Wang explained that mass production of such vaccines containing sufficient quantities of proteins, such as SARS-CoV-2 spike protein, is often difficult and costly. “Proteins are difficult to make and it is not easy to maintain their quality for a long time.” To this end, some companies may be inspired by the virus itself and adopt another solution. Instead of using proteins directly, they chose RNA that contains instructions for protein construction. Once human cells build this protein, the immune system is able to produce the corresponding antibodies. Scientists are currently testing this RNA-containing vaccine, where the role of RNA is to provide the genetic code for the SARS-CoV-2 spike protein.
Wang hopes that knowledge of the structure of spike proteins will lead to more targeted treatments. By creating a new vaccine, researchers hope to be able to introduce a portion of spike proteins that have been bound to antibodies, or allow human cells to construct this part of the RNA instructions themselves, thereby completing the blocking of the virus.
Antibody source
Currently, about 35 companies and academic institutions around the world are working on vaccines. But it still takes time, and the vaccine will have no effect on already infected populations.
Therefore, in addition to trying existing therapies, some researchers are also trying to prepare antibodies against spike proteins in the laboratory and inject them into the body as drugs. The entire research process can be accomplished in a variety of ways, such as injecting viral spike proteins into mice that have been genetically modified to produce human-like antibodies, and then testing to see if the antibodies they produce can effectively block virus transmission.

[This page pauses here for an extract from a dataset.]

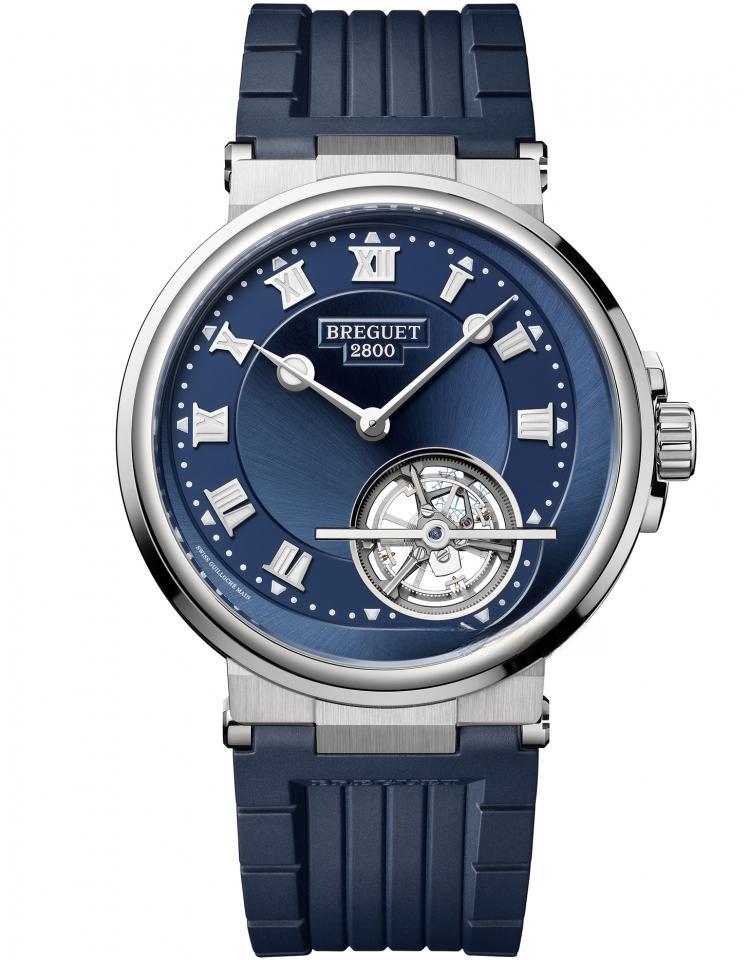 BREGUET 5577PT/Y2/5WV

In a non-peer-reviewed paper published on March 12, a Dutch research team led by molecular biologist Frank Grosveld and virologist Berend-Jan Bosch announced that this method creates an antibody (their total 51 antibodies were created) seems to be very effective. The experimental results of the research team show that this antibody named 47D11 can bind to SARS-CoV-1 and SARS-CoV-2 spike proteins, thereby blocking existing and other SARS-CoV-based spike proteins. The virus infects normal cells. (The exact mode of action of this antibody is not yet known. From observation alone, although it can be linked to the receptor-binding portion of spike protein, it does not seem to actually prevent the spike protein from binding to the ACE2 receptor.)
The team is currently testing the antibody to see if it can protect mice and other animals from infection. If the experiment is successful, the next step is to prove its safety and effectiveness in clinical trials. More importantly, this research is also expected to lead to other more efficient virus testing methods.

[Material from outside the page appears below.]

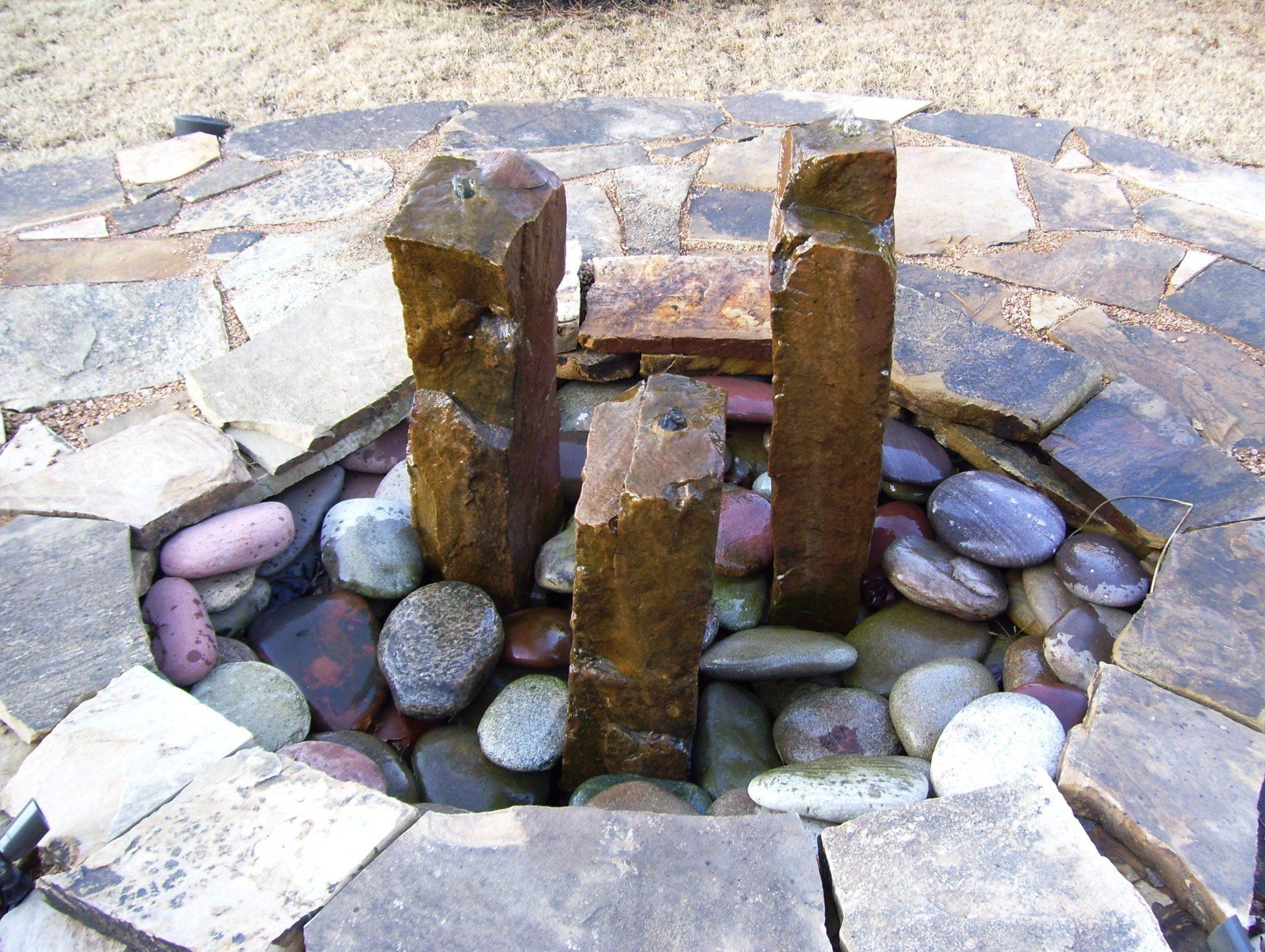 Edmond Landscapes & Ground Maintenance Inc image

Wang said, “At present, we cannot say whether antibodies can be used as effective treatments. But it is clear that this is a promising direction.”
Ultimately, these inventions are expected to lead to a new vaccine that may contain a portion of the protein already bound to the 47D11 antibody, or a corresponding protein synthesis instruction. Wang pointed out that the method of injecting therapeutic antibodies directly into the human body often has cyclical limitations, which means that we need regular supplements to maintain the therapeutic effect. Correspondingly, a good vaccine can guide the human body to make antibodies when needed, so as to achieve the best prevention and treatment goal of one injection and lifelong immunity.